Tudo isto para dizer que a utilização de falsas verdades ou mentiras descaradas, algumas vezes acidentais mas outras intencionais, são uma das forma pela qual se moldam conceitos, arranjam seguidores, recrutam consciências e mobilizam massas humanas. Todos os dias somos massacrados pelos meios de comunicação com todo o tipo de informação e contrainformação, verdades e mentiras, testemunhos a confirmar a veracidade de afirmações quando não passam de grandes mentiras. Porque nós temos de acreditar para sermos mobilizados e arregimentados para o rebanho de seguidores. Seja nos resultados alcançados pelos (des)governos, das políticas que nos (lhes) são favoráveis, das suas (in)verdades e dos (in)sucessos governativos. A minha irmã já se recusa a ver o telejornal porque “são só desgraças e mentiras”. Mas a minha mãe, à beira dos noventa e quatro anos, não perde um, pois “gosta de estar atualizada”. Quando lhe dizemos para não acreditar em tudo o que ouve, responde com um sorriso: “ Eu ouço tudo, mas só acredito naquilo que quero”.
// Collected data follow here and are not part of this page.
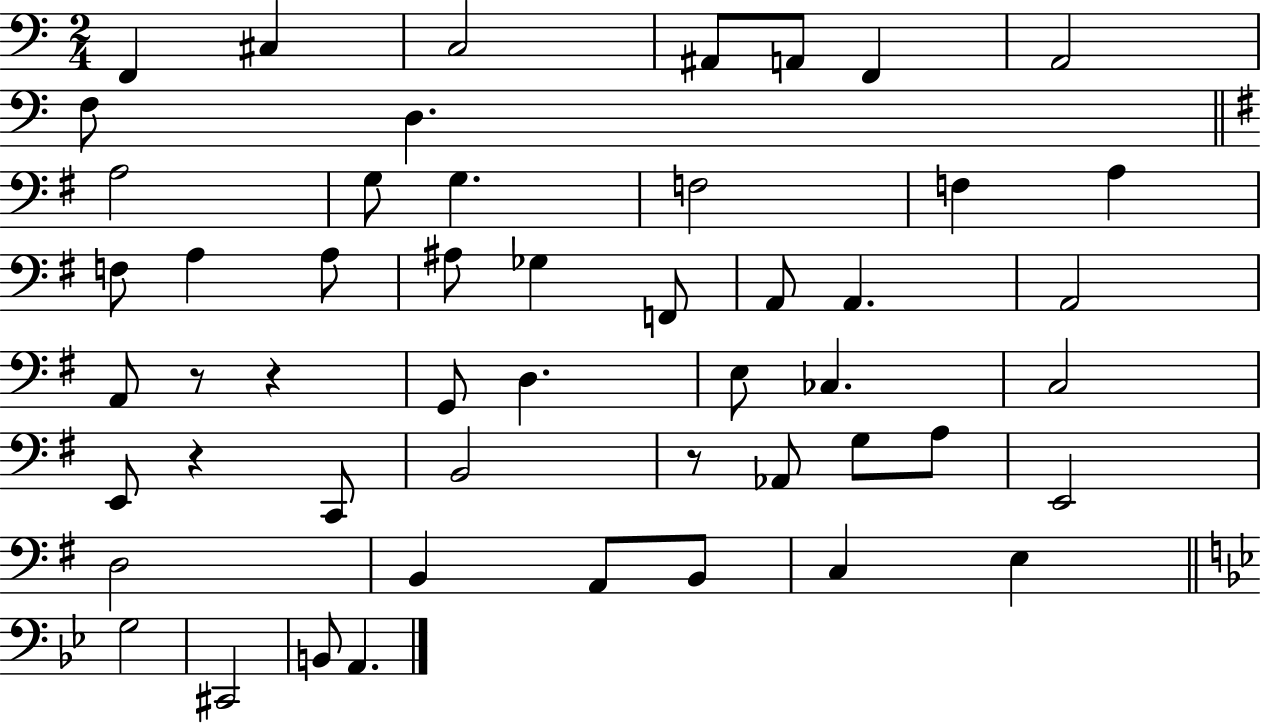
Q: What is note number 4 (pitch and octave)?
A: A#2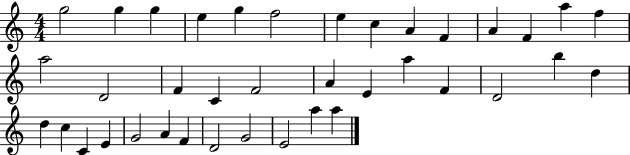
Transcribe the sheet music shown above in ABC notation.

X:1
T:Untitled
M:4/4
L:1/4
K:C
g2 g g e g f2 e c A F A F a f a2 D2 F C F2 A E a F D2 b d d c C E G2 A F D2 G2 E2 a a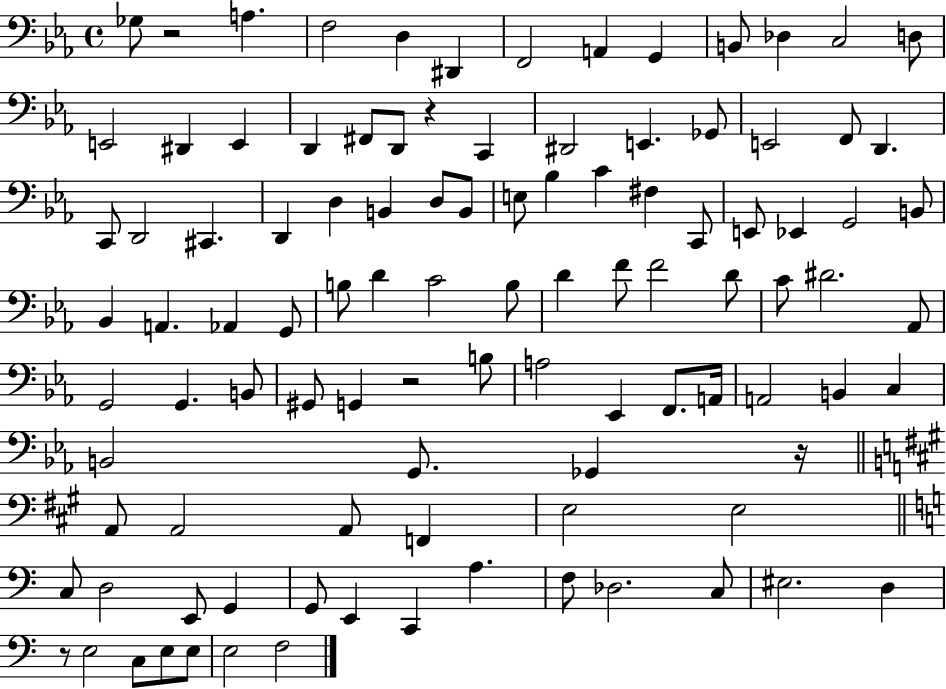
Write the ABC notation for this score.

X:1
T:Untitled
M:4/4
L:1/4
K:Eb
_G,/2 z2 A, F,2 D, ^D,, F,,2 A,, G,, B,,/2 _D, C,2 D,/2 E,,2 ^D,, E,, D,, ^F,,/2 D,,/2 z C,, ^D,,2 E,, _G,,/2 E,,2 F,,/2 D,, C,,/2 D,,2 ^C,, D,, D, B,, D,/2 B,,/2 E,/2 _B, C ^F, C,,/2 E,,/2 _E,, G,,2 B,,/2 _B,, A,, _A,, G,,/2 B,/2 D C2 B,/2 D F/2 F2 D/2 C/2 ^D2 _A,,/2 G,,2 G,, B,,/2 ^G,,/2 G,, z2 B,/2 A,2 _E,, F,,/2 A,,/4 A,,2 B,, C, B,,2 G,,/2 _G,, z/4 A,,/2 A,,2 A,,/2 F,, E,2 E,2 C,/2 D,2 E,,/2 G,, G,,/2 E,, C,, A, F,/2 _D,2 C,/2 ^E,2 D, z/2 E,2 C,/2 E,/2 E,/2 E,2 F,2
A velocidade com que uma notícia posta a circular chega aos quatro cantos do mundo é impressionante, seja verdadeira ou falsa. Porque há fotos manipuladas, factos inventados, frases retiradas do contexto, títulos bombásticos e chocantes para notícias sem conteúdo, dados fictícios, números falsos, conclusões erradas, como se fossem grandes verdades mas sem hipóteses do contraditório. E vemos isso todos os dias…
A Bíblia diz que “os ouvidos julgam o valor das palavras assim como o paladar prova os alimentos”. Já o Rei Salomão escrevia: “O ingénuo acredita em tudo o que lhe dizem mas o homem esperto olha onde pisa”.